As it happens as photographers we seldom want to do anywhere near the sorts of calculations that HDR or other ray tracing graphic artists want to do. Most of our cameras are actually only capturing 12 or 14 bit in the first place, and even then (as I showed recently) we seem to be pushing the limits of their ability right now with little real data additions to our images between the 10D (2003) and the G1 (2009).

So it would seem we don't need to be storing more than we are generating, and we really don't need more than 8 bits for representation.

Lets get to the core of the problem as I see it


we want a way to store digital picture information which is not a greedy space hog, but which allows us to make some alterations to the data in a non destructive way.

We picked an 8 bit representation for a number of reasons:
  • its a convenient size for a computer being one byte
  • 8 bits provides 256 levels of brightness which is enough tonality for the human eye
However over the last fifteen years this has gone from simply capturing an image to accepting that post processing is a requisite component. So formats have gradually evolved (often with no real intelligent guidance, so much as marketing pressures) we have moved from the older 8 bit representation and moved towards 16 bit representations to allow us greater "precision" in making adjustments.

This is where ignoring maths a school has let the majority of us down, as we often fail to get the most important point of this.

The decimal point.

Now of course graphics programmers (especially CGI programmers) have been working with formats like Radiance and openEXR have been around for a while and offer the image processing person quite a powerful storage system but not without a couple of drawbacks mentioned above.

Perhaps what we need is to combine the two criteria above
  • its a convenient size for a computer being one byte
  • 8 bits provides 256 levels of brightness which is enough tonality for the human eye

and look for another way to do the same.

Looking into the openEXR and Radiance formats the answer they used was to choose floating point numbers. This allowed them to move something, then move it back without significantly losing information.

There are 8 bit representations of fixed floating points numbers which have been around for decades which would allow us to keep our file sizes compact and give us far more flexible image formats. Since we really only need to keep those 256 levels we could use this sort of binary representation of our number and:
  • keep the file as "rendered" for display
  • facilitate far less desctuctive edits
  • keep the memory requirements and processing demands lower

I'm not sure how to push this forward, but I thought I'd start here




A comment by Tim has had me consider more carefully my wording in the above blog. I've certainly left a few things "implied" and perhaps require a "mind set" context of what I was thinking. Not knowing how to write that succinctly I left ambiguity in my writing (and may have made logical errors on the possible ranges available in fixed point representations). These questions make a good framework to begin addressing those shortcomings in my post.

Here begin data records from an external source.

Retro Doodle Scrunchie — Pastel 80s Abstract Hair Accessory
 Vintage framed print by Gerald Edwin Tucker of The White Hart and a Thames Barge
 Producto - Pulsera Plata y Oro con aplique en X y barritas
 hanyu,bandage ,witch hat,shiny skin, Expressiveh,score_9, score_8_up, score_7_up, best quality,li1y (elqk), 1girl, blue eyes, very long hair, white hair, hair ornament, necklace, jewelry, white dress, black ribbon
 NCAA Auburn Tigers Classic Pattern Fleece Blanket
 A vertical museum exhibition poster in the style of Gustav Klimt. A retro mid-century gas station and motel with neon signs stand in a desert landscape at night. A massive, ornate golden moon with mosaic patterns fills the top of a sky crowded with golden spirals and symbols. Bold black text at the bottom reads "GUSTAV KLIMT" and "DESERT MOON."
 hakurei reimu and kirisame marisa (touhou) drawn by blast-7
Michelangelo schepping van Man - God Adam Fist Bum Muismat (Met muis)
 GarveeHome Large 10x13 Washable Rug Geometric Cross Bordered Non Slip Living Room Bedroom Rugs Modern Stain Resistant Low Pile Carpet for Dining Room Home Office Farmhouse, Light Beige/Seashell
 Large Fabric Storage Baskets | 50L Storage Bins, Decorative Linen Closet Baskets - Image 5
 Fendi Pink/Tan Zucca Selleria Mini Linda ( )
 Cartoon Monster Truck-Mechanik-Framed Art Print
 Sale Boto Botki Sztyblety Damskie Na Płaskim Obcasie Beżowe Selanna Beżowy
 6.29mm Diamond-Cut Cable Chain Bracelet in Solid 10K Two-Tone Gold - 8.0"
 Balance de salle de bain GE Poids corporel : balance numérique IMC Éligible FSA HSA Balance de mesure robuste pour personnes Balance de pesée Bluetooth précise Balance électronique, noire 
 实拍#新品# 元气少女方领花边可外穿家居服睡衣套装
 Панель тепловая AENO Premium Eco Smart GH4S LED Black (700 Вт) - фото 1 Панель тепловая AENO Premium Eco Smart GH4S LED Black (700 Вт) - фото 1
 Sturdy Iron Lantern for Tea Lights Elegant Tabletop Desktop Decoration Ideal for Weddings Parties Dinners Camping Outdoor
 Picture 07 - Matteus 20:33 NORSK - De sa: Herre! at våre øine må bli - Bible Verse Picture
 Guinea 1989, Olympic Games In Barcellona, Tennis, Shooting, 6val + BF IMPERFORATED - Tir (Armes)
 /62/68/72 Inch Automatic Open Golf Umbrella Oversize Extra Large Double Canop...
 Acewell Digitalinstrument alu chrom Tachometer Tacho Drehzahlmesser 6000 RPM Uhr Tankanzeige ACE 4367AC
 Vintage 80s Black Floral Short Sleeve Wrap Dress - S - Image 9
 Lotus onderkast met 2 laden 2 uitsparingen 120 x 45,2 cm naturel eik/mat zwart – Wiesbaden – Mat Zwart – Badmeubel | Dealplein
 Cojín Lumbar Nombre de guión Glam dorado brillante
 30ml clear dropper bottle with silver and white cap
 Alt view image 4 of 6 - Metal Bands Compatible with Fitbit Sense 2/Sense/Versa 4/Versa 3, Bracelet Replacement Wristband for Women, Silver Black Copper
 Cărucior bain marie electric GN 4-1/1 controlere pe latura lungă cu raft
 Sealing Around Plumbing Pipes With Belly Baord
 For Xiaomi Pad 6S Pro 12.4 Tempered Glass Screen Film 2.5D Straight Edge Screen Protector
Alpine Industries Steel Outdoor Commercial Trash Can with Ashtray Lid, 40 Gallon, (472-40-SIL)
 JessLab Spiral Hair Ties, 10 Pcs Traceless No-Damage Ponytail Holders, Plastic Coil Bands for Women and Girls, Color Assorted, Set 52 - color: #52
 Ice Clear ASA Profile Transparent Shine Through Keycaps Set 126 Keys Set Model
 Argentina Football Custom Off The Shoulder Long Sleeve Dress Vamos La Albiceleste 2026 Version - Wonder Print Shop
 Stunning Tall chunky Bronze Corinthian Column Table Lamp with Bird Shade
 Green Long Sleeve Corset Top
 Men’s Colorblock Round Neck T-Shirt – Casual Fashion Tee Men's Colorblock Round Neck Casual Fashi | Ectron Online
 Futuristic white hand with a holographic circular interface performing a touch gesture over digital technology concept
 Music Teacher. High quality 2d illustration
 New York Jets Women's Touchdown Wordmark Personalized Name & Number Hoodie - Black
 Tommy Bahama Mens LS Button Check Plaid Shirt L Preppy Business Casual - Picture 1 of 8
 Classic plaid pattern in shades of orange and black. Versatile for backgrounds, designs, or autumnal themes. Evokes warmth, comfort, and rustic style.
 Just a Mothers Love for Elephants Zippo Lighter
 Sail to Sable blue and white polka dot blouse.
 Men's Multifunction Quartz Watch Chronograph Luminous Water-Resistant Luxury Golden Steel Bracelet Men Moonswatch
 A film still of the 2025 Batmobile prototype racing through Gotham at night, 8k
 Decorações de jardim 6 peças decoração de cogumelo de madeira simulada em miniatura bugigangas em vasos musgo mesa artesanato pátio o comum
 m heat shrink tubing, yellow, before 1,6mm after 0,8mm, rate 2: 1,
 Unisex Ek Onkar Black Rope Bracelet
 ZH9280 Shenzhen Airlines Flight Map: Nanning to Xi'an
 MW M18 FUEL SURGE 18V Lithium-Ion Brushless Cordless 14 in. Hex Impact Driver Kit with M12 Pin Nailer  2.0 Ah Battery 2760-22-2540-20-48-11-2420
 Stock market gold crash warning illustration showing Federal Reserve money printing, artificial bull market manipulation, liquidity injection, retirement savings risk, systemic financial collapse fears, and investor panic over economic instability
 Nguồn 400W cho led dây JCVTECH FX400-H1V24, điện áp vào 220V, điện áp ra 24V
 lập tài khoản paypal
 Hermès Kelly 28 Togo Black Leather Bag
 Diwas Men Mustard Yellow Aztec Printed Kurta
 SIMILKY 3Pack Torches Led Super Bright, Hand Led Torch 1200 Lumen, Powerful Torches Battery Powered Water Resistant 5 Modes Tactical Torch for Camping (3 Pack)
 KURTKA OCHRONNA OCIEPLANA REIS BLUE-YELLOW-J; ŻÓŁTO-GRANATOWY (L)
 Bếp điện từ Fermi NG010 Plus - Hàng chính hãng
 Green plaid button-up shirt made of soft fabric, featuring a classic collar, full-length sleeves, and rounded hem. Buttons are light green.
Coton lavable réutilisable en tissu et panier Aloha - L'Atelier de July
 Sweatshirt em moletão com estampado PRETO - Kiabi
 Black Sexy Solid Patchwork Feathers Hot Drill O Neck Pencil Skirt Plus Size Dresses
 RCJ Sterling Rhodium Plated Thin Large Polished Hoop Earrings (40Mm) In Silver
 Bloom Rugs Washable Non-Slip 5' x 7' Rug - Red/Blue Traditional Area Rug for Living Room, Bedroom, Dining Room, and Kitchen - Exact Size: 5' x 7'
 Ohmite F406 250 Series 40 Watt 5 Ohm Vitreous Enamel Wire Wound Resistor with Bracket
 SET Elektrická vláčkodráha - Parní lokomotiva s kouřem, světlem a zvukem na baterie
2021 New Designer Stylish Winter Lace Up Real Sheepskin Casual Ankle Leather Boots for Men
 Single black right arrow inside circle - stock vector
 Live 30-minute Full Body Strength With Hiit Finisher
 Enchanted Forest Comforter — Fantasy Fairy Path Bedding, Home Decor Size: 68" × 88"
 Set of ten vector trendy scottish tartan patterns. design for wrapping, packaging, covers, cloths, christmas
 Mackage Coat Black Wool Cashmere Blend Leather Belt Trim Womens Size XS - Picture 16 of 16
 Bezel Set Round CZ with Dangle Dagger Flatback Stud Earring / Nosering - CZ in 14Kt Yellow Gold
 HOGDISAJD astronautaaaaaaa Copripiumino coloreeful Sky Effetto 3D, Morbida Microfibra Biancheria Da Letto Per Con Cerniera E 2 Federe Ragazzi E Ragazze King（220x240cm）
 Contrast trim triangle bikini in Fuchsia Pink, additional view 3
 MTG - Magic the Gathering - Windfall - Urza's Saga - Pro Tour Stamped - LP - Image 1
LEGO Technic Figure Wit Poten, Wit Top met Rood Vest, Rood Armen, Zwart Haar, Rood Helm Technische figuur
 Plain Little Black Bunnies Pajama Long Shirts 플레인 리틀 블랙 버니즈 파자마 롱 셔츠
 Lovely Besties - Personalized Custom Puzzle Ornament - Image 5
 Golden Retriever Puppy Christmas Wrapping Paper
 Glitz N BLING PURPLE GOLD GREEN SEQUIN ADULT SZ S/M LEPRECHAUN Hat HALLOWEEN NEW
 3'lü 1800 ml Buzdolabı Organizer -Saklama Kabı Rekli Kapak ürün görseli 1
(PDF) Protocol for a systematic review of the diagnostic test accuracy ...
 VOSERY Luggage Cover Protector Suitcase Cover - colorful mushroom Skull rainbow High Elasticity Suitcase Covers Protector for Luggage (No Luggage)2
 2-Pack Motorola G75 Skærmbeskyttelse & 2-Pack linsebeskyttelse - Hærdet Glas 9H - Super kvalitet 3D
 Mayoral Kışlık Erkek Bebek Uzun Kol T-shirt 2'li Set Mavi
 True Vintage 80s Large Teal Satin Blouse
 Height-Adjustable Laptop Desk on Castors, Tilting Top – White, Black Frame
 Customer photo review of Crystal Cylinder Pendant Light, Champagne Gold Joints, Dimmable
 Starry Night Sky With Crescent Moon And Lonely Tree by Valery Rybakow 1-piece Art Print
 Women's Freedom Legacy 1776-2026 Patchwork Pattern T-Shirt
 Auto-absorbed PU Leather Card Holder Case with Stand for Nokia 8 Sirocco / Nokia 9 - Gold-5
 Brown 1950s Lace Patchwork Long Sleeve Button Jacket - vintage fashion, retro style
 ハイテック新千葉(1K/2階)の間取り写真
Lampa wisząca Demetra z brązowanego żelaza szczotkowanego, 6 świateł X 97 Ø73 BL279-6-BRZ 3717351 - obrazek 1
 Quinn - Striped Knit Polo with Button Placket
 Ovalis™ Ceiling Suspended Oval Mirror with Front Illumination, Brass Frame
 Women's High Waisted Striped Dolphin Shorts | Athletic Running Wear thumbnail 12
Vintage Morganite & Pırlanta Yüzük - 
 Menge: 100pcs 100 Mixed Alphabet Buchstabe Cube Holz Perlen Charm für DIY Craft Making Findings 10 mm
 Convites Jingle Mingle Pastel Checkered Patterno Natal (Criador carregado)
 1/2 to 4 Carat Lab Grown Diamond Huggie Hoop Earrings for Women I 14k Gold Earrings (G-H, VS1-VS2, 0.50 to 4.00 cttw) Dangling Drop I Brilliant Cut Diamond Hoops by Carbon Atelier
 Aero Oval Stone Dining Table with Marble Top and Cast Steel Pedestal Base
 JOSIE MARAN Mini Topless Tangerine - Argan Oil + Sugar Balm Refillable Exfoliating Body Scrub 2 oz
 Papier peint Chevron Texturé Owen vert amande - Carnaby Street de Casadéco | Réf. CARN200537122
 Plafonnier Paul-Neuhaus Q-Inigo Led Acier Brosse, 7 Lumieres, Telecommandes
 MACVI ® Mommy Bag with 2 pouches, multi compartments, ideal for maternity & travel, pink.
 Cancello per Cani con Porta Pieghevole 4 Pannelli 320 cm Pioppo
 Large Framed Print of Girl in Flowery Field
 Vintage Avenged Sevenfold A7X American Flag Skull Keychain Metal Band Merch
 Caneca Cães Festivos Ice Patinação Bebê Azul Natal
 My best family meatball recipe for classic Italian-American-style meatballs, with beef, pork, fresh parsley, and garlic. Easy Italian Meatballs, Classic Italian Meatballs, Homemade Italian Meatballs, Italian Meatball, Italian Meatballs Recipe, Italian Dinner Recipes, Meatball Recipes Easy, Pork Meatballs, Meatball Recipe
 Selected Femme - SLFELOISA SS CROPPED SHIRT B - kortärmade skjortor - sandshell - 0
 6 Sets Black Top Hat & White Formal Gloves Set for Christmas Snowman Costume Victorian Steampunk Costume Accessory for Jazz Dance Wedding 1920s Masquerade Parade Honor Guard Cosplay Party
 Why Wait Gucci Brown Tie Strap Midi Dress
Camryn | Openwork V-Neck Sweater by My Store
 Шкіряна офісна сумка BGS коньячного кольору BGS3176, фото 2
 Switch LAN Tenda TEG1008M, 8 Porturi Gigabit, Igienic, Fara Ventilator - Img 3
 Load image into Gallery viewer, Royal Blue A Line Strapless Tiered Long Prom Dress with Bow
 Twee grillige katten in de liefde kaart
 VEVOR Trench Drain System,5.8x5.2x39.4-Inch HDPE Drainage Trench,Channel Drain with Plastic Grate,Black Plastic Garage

1) No data format can be viewed without processing at all. JPG needs a 'lot' of processing before being able to view it. I think you mean 'openable with most standard operating sysems without any additional software installed'.

This is of course both right and wrong, as no "operating system" can indeed open most files without additional software installed.

Of course we all think of the entire suite of applications which gets installed on a modern computer as part of the operating system, but they are infact a suite of applications. Browsers, text editors, email applications ... they are all there "standard" when you buy a PC (be it Mac OS-X or Windows).

By processing I meant doing something more than just opening and displaying. Of course JPG is a file which contains data which must be decoded (as one may decode a zip file) to expand it and then put data into memory for display. So it does require more processing than a BMP or a TIFF to open and display.

However that is not what I meant by processing. A RAW file can not be simply displayed and as I'm sure Tim should be aware of requires actually generating the proper colour pixels into a grid which is not what is recorded on the sensor. The demosaic of the RAW generates a proper RGB pixel at the intersection of the recorded red green or blue pixel (note a sensor only records a red a green or a blue, the colour is created)

This then is recorded in a linear fashion, and must have a curve or gamma applied to it, again more processing before then being fitted to within the 8 bits that are used by output devices (like screens or printers).


2) 8 bits might be enough to store the brightness range of the eye (arguably) but not enough to store which 8 bits in the full range of brightness from dark to pointing at the sun.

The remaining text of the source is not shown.